• _What to produce_:
These records are to be written out exactly as they read, minus the pictures.

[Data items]

++++++++++++++++++++

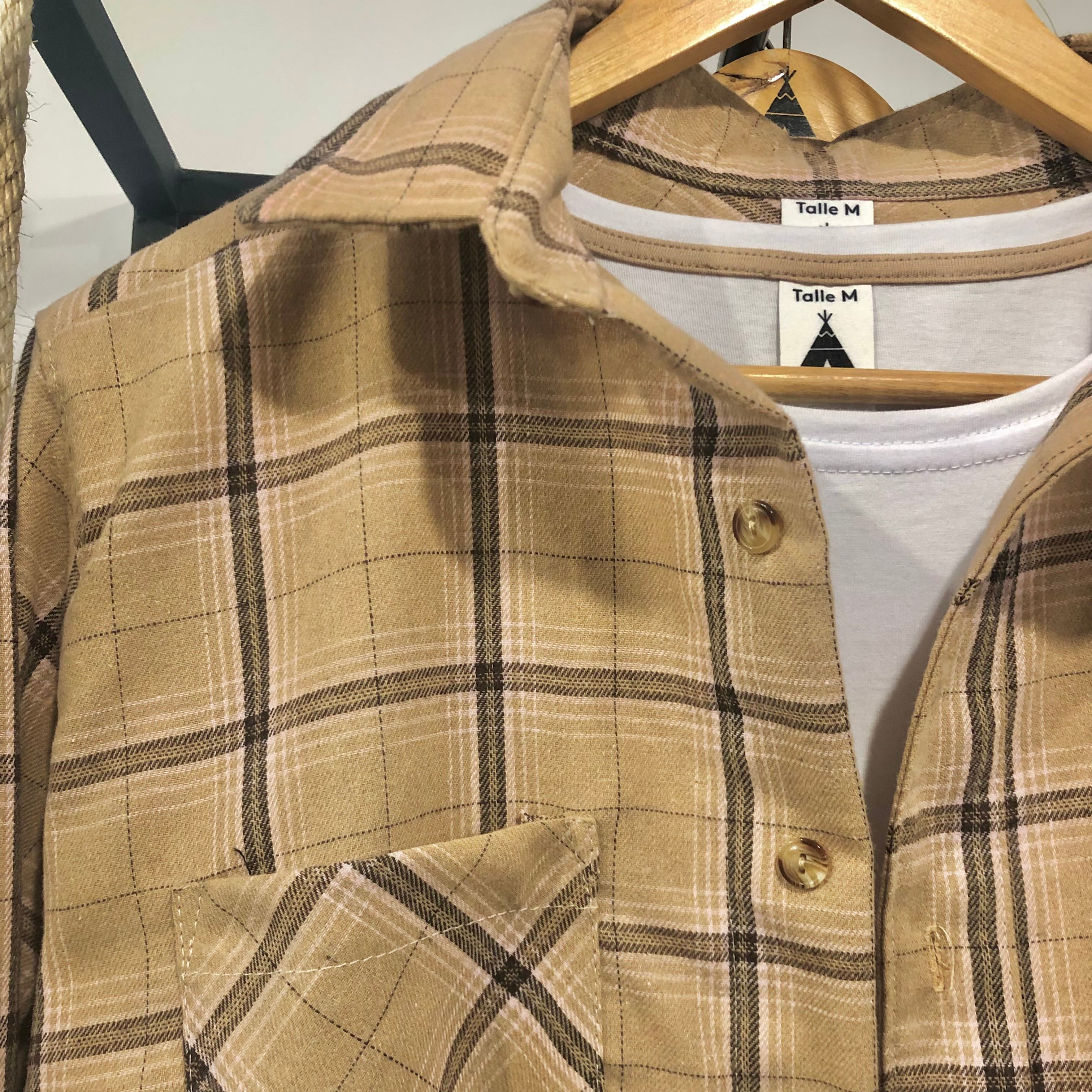 Sobrecamisa liviana clara
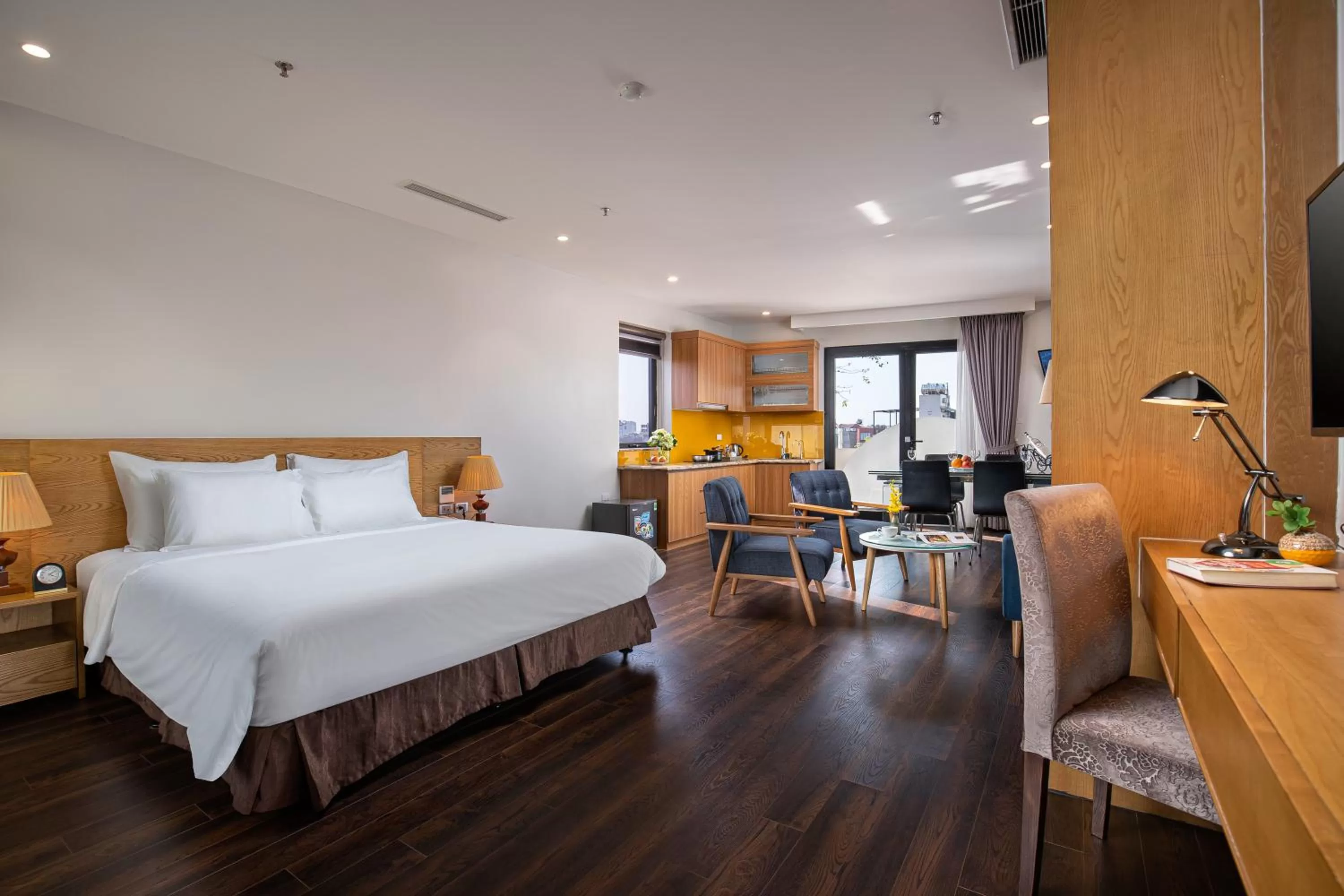 Property building, Bed in Hanoi Paon Hotel Spa & Sky Bar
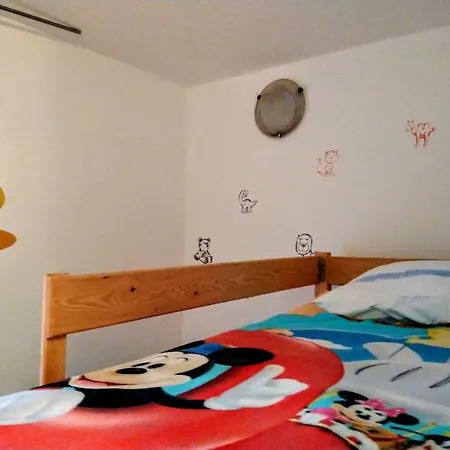 ベッド・アンド・ブレックファスト Ema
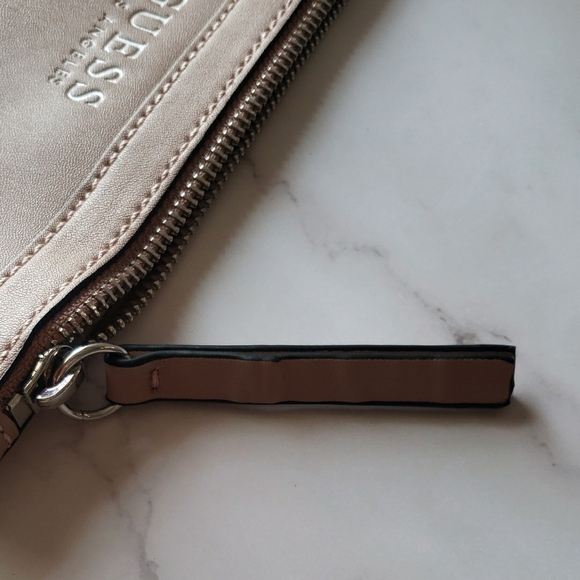 Guess Tan Leather Wristlet Clutch with Logo - Picture 4 of 6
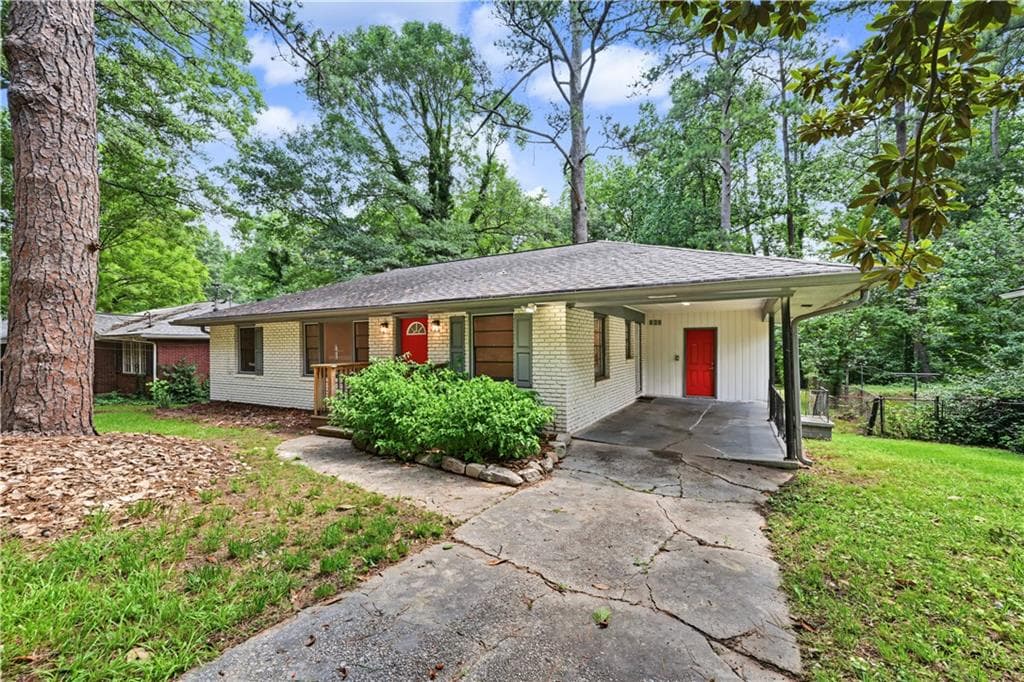 3 bedroom, 2 bathroom, 1,120 sq ft single family residence for sale at 2462 Macon Drive, Atlanta, GA 30315 — photo 3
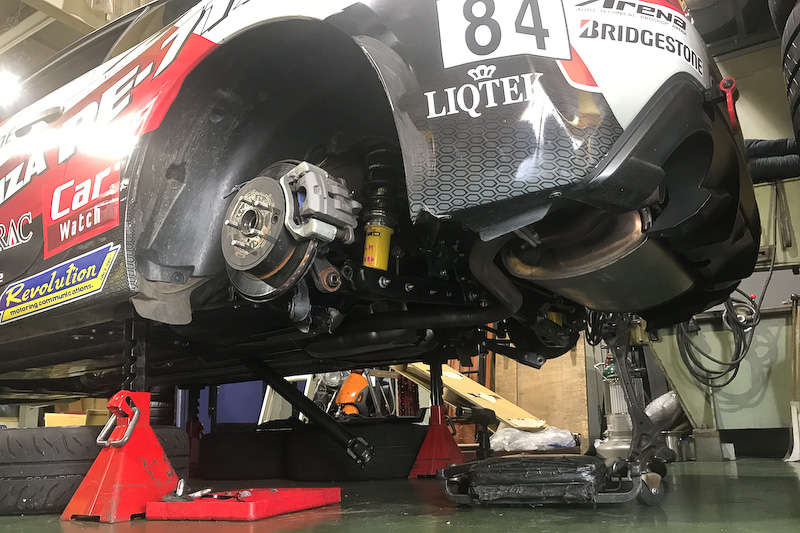 メンテナンスガレージで愛機をバラしているところ。デフ内部はクラッシュによるキズや損傷が見られた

++++++++++++++++++++

• _Reply_:
 Sobrecamisa liviana clara
 Property building, Bed in Hanoi Paon Hotel Spa & Sky Bar
 ベッド・アンド・ブレックファスト Ema
 Guess Tan Leather Wristlet Clutch with Logo - Picture 4 of 6
 3 bedroom, 2 bathroom, 1,120 sq ft single family residence for sale at 2462 Macon Drive, Atlanta, GA 30315 — photo 3
 メンテナンスガレージで愛機をバラしているところ。デフ内部はクラッシュによるキズや損傷が見られた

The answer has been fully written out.